September 14, 2014

Political corruption disrupts economic balance

Mümtazer Türköne

The government's recent efforts to make Bank Asya, a private bank affiliated with the Hizmet movement, go bankrupt are alone enough to show how political corruption has thrown off the country's balance.

In the face of the graft and bribery investigations which became public on Dec. 17 and 25, 2013 and which implicated senior government officials, the ruling Justice and Development Party (AKP) adopted a defensive strategy of arguing that these probes were actually part of the Hizmet movement's coup against the government. In line with this strategy, it launched a comprehensive campaign of profiling and purging members of the Hizmet movement in a massive show of power that amounted to a witch hunt. As part of this campaign, it sought to undermine Bank Asya's prestige and drive it into a corner. Thus, the government and pro-government circles implemented a systematic plan to discredit the bank. However, this conspiracy was foiled as it was about to trigger a total breakdown of the economic system. Eventually, the Banking Regulation and Supervision Agency (BDDK) had to deny the false news stories and rumors about Bank Asya.

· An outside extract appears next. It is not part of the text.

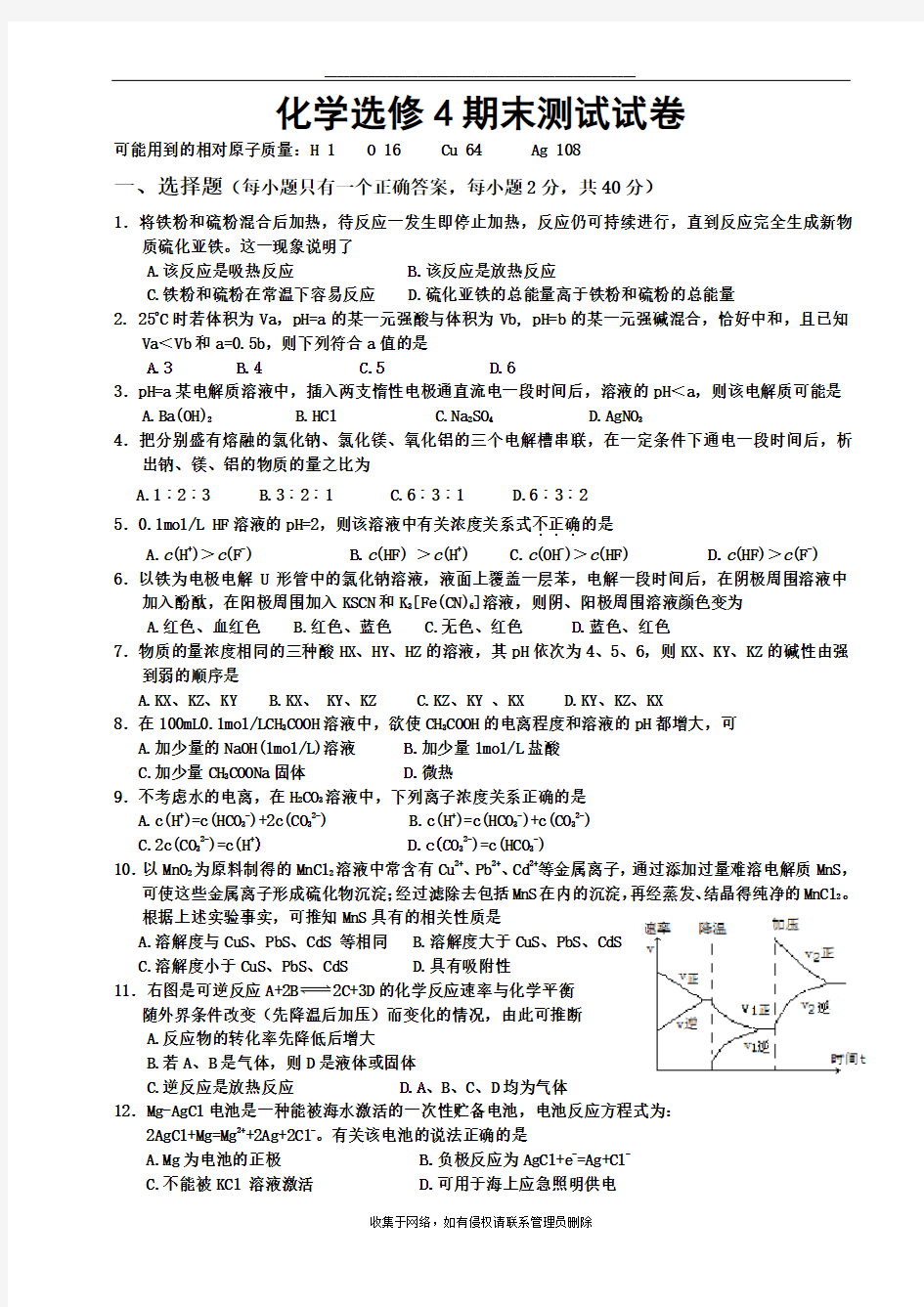 最新化学选修4期末测试试卷与答案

The pro-government Sabah daily and state-owned Anatolia news agency -- as well as Reuters and The Wall Street Journal, based on the Anatolia news agency -- had directly referred to a BDDK official in publishing a false story about Bank Asya. The BDDK was reluctant to deny these reports, but had to do it particularly in the wake of rumors that 10 banks had been placed under close monitoring by the BDDK triggered severe fluctuations in the markets. The BDDK is one of the independent political authorities created as part of EU harmonization efforts to ward off political pressures on the banking sector. The law that regulates its functioning complies with Western standards, but it opted to collaborate with the ruling party in its attacks on Bank Asya.

Everyone is sure that the attacks on Bank Asya come from the government and government-controlled organizations. Recep Tayyip Erdoğan openly made statements to discredit Bank Asya, though the bank's prestige is under legal protection. He argued that the bank's financial position is weak. State Minister Ali Babacan, on the contrary, made contradictory remarks. Yiğit Bulut, Erdoğan's economy adviser, disclosed deliberately distorted figures about Bank Asya although banking legislation explicitly prohibits this. All these facts reveal the conspiracy conducted behind closed doors.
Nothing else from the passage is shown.